Bei einem Karnevalsumzug im saarländischen Nonnweiler (8.400 Einwohner) hat ein Bollerwagen mit provokanten Mottos den Staatsschutz auf den Plan gerufen – da mag Bürgermeister Franz-Josef Barth (parteilos) noch so sehr betonen, dass Satire und politische Meinungsäußerung zur Fastnacht gehören.
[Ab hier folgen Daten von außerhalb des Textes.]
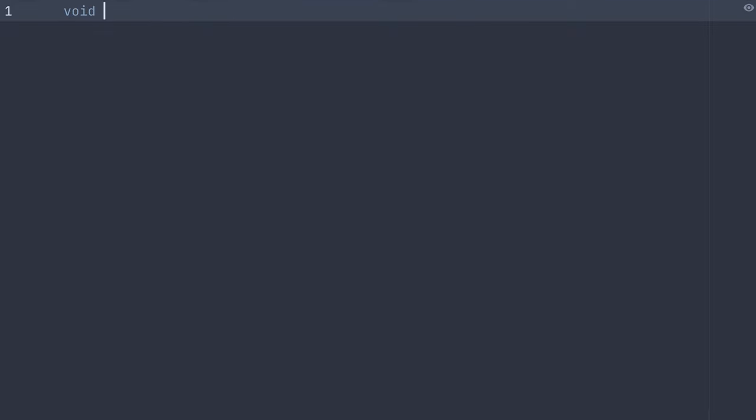First things first, we need to specify the return type of our method, in this case void, because our main method is not returning anything.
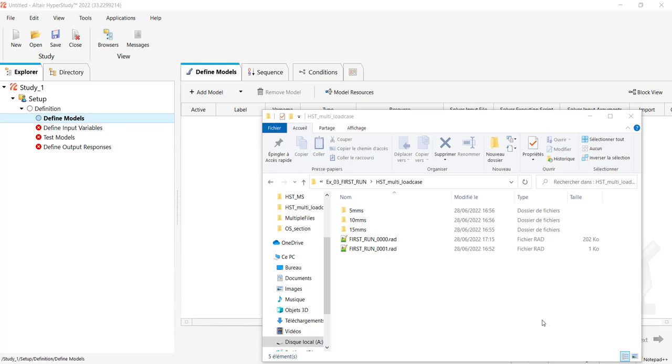Hello, in this video I'll show a way to define a HyperStudy study where you have to deal with Radioss models with multiple load cases.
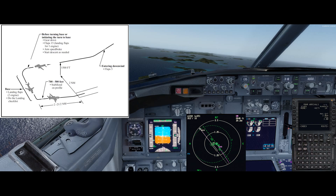Timing of 45 seconds from abeam the threshold to the base turn point, or BTP, achieves the recommended BTP in nil wind. This timing may be adjusted earlier for wind effect. Extending the downwind beyond 45 seconds or further than abeam the 2 nautical mile runway extension does not follow the prescribed Boeing pattern — it wastes fuel and is not recommended unless traffic or ATC instructions dictate otherwise.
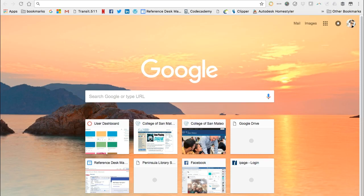Hi class, here is a quick review of how to use the site or domain search command in Google.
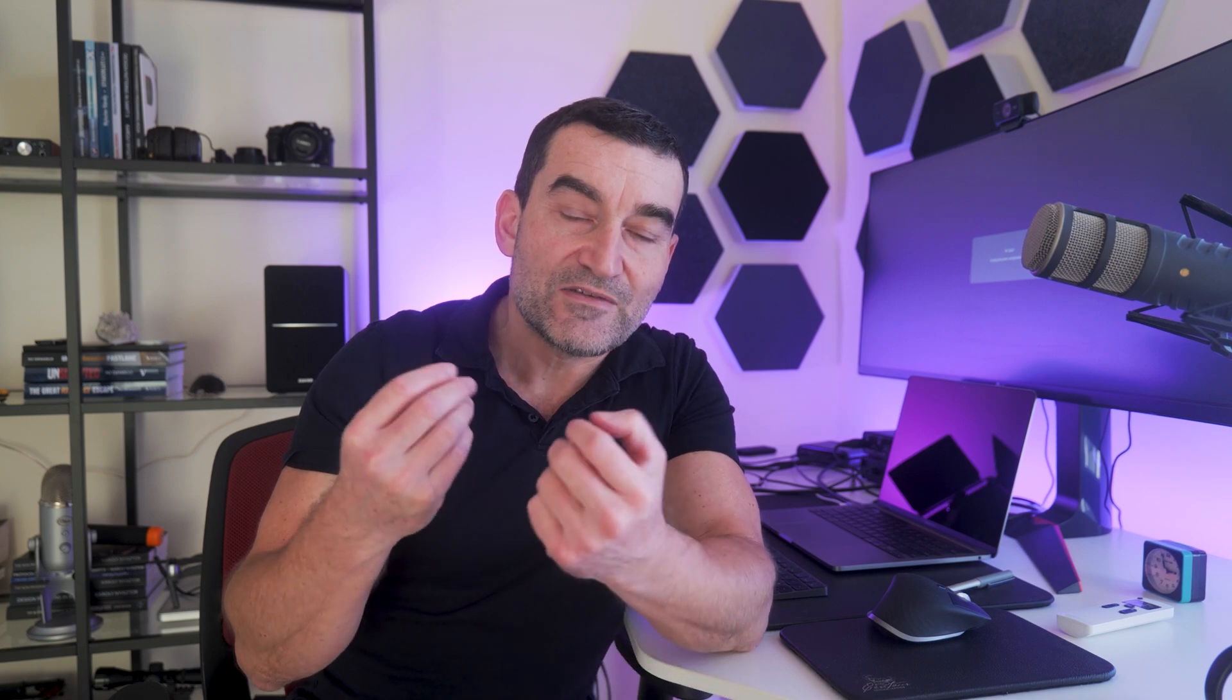So, are the benefits of DeepSeek worth the privacy risks? The choice is yours. But now you have the facts. This isn't about fear-mongering, I just wanted to make you aware that everything you type in DeepSeek's prompt is stored on Chinese servers. Let me know what you think in the comments below. And if you found this investigation helpful, smash that like button and hit subscribe. Ciao!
Wie die „Saarbrücker Zeitung“ berichtet, war der Bollerwagen mit einer Deutschlandfahne und einem bunten Schild geschmückt, auf dem zu lesen stand: „Kalifat, Scharia, Burka, Zwangsehe, Nikab, Kinderehe“. Den Wagen begleitete eine Fußgruppe mit Schildern: „Was steht unseren Mädchen noch bevor?“
Verantwortlich für den Bollerwagen sollen ein Mann und eine Frau gewesen sein. Die beiden hatten sich einer Teilnehmerliste zufolge mit dem Gruppen-Namen „Angst um die Zukunft unserer Töchter“ für die Veranstaltung angemeldet. Die Karnevalsgesellschaft 1954 Nonnweiler, die den Umzug veranstaltet hatte, hat sich offenbar unter linksgrün-wokem Druck inzwischen distanziert: „Wir als Verein stehen für Offenheit, Gleichberechtigung und Toleranz in jeder Lebenslage.“
Ein Sprecher des Landespolizeipräsidiums erklärte laut Bericht: „Der Staatsschutz, der generell für solche Bewertungen extremistischer Art zuständig ist, schaut sich nun an, ob das Ganze unter der Meinungsfreiheit abgedeckt ist, oder ob da ein strafrechtlich relevanter Sachverhalt im Raum stehen könnte.“ Diese Prüfung werde voraussichtlich ein paar Tage dauern.
Wie gut, dass Deutschland keine anderen Probleme hat!